- _Problem details_
Return the lines below in which the string "sitting" occurs.
Source data START
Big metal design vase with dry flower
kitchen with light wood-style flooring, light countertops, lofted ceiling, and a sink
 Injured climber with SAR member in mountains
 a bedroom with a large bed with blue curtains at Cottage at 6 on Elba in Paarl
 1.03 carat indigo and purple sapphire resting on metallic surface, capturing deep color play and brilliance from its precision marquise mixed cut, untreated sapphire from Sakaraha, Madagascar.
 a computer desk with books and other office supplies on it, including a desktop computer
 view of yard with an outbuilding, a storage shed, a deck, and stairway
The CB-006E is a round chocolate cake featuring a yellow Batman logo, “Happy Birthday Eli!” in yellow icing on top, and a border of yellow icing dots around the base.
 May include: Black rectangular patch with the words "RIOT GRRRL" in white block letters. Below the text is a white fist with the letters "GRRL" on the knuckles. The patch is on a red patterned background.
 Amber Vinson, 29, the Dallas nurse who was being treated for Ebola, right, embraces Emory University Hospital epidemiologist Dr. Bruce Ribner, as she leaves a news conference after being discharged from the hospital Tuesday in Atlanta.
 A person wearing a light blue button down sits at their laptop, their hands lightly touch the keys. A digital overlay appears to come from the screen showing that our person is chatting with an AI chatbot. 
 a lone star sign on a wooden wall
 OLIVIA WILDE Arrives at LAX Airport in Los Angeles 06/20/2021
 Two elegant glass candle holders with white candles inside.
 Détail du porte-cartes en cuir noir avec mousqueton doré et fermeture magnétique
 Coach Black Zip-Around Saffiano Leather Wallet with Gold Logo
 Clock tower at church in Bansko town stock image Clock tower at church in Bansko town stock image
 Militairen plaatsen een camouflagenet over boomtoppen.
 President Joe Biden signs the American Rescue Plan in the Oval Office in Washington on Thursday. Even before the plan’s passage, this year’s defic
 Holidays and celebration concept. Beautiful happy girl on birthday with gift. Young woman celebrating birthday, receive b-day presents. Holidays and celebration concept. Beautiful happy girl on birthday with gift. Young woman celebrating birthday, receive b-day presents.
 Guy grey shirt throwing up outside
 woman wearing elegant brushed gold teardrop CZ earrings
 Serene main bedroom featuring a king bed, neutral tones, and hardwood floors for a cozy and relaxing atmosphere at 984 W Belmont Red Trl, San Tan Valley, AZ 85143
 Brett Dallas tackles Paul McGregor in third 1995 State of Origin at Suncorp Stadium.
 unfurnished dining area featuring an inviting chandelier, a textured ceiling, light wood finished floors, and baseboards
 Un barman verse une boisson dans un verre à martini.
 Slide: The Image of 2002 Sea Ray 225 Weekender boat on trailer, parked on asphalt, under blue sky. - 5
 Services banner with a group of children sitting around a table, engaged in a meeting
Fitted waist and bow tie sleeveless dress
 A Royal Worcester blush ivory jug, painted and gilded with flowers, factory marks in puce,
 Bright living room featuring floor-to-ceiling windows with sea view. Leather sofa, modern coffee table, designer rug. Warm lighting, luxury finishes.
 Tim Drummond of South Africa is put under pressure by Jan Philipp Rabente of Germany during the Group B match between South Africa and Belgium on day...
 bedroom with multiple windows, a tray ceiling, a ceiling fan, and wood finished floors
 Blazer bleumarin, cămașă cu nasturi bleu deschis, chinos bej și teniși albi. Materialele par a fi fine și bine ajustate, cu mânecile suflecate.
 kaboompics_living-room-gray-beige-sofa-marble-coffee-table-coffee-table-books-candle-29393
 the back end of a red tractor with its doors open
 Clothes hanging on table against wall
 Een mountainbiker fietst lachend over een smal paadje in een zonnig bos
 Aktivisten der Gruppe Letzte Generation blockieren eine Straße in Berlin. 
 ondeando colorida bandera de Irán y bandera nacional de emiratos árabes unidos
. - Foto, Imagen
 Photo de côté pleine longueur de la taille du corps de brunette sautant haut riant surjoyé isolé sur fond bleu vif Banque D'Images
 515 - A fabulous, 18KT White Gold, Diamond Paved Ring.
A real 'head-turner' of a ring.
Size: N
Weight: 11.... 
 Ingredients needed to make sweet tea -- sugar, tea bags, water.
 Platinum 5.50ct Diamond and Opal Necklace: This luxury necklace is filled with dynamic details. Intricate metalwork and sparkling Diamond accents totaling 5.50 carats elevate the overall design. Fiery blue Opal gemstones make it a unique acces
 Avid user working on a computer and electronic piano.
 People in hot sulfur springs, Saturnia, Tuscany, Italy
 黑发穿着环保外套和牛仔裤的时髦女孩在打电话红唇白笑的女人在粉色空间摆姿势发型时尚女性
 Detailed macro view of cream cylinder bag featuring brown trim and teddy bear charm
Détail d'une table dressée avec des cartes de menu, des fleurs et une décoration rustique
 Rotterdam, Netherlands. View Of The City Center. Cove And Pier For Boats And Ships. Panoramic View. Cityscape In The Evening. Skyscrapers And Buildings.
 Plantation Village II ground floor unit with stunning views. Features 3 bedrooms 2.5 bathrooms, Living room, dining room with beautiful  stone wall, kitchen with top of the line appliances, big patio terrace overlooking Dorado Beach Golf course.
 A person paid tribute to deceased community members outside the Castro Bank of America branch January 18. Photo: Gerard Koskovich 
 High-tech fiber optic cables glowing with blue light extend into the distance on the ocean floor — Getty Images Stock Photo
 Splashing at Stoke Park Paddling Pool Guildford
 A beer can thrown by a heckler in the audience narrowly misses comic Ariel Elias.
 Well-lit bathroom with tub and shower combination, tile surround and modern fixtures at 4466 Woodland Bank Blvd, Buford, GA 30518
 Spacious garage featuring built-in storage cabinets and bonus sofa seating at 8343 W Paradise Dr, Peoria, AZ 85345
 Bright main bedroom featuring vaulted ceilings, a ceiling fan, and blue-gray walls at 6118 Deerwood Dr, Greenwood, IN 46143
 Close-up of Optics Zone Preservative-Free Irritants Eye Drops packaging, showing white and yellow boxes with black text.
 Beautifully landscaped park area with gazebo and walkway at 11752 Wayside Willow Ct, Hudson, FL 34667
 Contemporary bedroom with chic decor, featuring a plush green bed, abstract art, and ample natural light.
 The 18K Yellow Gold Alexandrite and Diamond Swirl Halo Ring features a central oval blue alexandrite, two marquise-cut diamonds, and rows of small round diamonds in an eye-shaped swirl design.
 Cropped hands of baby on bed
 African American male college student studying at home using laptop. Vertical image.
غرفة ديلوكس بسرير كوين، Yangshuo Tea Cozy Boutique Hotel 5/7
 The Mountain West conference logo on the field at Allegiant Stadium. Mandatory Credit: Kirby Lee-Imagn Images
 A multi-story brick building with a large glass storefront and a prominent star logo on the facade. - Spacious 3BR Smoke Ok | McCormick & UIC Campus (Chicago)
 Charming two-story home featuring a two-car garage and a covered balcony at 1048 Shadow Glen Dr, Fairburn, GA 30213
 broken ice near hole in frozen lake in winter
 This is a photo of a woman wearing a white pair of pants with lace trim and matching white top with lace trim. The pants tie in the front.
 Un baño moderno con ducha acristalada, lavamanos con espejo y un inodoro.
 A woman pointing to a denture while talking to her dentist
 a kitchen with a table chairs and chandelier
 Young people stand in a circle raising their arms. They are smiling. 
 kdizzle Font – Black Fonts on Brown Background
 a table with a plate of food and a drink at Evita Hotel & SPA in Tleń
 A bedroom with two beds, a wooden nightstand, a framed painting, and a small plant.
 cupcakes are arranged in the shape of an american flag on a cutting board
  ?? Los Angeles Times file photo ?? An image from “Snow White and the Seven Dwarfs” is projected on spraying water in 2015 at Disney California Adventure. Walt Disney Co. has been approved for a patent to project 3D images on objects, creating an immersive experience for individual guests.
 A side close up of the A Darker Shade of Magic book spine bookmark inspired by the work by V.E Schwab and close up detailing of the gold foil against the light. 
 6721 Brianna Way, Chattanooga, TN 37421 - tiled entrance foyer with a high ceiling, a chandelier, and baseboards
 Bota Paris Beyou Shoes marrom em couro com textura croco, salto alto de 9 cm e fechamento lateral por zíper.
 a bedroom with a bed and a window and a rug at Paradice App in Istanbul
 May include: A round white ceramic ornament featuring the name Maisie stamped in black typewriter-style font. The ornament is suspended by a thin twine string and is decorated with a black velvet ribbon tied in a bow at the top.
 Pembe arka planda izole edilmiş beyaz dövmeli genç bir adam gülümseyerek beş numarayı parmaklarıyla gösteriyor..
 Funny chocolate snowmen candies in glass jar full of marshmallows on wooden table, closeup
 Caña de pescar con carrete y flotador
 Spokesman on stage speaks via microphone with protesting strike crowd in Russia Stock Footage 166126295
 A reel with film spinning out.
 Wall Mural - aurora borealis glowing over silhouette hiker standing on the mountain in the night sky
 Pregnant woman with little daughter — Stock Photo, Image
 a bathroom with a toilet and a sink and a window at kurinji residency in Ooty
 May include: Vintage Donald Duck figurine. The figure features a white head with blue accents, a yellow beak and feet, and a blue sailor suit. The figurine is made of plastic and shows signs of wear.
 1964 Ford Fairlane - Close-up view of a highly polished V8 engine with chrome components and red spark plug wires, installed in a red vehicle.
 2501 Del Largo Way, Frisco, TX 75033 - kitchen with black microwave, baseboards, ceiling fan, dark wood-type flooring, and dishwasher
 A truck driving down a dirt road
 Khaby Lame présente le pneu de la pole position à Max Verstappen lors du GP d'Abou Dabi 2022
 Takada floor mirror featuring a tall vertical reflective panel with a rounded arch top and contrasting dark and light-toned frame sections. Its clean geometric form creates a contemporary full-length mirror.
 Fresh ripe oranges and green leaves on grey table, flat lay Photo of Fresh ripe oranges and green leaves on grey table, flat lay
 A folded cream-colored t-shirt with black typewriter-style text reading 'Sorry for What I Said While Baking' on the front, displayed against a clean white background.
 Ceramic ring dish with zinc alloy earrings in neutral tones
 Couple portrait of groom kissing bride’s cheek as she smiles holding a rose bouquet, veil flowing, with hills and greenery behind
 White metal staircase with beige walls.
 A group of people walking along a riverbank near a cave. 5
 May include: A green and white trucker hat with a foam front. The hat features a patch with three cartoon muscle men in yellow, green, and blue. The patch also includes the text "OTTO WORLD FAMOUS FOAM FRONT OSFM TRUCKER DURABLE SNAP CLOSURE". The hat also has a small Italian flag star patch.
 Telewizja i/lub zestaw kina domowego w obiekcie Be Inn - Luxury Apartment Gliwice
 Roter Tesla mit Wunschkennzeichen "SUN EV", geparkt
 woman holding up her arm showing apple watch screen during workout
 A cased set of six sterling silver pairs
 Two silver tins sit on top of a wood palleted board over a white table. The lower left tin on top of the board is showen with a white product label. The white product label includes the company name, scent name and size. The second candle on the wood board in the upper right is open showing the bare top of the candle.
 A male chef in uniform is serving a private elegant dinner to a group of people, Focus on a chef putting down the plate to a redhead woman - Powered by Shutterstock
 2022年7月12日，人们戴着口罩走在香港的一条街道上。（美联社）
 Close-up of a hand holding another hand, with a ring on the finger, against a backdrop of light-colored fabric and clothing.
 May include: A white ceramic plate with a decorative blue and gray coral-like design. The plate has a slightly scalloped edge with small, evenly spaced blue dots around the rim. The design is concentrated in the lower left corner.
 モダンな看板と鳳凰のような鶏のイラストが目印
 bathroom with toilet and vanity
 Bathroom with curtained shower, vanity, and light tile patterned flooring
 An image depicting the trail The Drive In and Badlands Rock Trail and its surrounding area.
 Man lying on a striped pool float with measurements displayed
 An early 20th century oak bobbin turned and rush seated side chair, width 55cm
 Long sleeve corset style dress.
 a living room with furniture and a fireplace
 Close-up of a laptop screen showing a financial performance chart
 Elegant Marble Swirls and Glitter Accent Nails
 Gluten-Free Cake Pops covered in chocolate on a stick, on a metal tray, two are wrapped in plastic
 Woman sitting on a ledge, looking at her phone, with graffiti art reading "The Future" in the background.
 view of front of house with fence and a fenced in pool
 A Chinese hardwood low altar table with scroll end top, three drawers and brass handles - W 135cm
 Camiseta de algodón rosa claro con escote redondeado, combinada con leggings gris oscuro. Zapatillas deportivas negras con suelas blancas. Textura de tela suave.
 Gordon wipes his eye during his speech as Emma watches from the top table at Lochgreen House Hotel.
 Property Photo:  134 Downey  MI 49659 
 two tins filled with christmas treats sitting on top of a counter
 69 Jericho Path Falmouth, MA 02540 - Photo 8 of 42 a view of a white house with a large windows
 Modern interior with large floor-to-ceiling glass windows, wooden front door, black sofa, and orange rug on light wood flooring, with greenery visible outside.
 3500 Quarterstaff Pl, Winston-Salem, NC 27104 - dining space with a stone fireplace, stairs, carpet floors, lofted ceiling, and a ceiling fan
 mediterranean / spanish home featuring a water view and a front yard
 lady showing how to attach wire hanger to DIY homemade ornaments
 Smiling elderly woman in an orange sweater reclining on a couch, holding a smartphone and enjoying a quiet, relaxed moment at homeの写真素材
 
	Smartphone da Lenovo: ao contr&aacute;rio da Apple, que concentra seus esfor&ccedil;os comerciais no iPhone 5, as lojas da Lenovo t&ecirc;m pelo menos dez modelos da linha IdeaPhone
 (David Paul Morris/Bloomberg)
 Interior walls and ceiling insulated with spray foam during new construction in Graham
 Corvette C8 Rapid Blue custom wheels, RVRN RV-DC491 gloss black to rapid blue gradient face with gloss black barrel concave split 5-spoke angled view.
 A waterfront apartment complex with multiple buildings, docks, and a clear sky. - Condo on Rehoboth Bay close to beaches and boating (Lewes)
Source data END
- _Finished task_
 Services banner with a group of children sitting around a table, engaged in a meeting
 Woman sitting on a ledge, looking at her phone, with graffiti art reading "The Future" in the background.
 two tins filled with christmas treats sitting on top of a counter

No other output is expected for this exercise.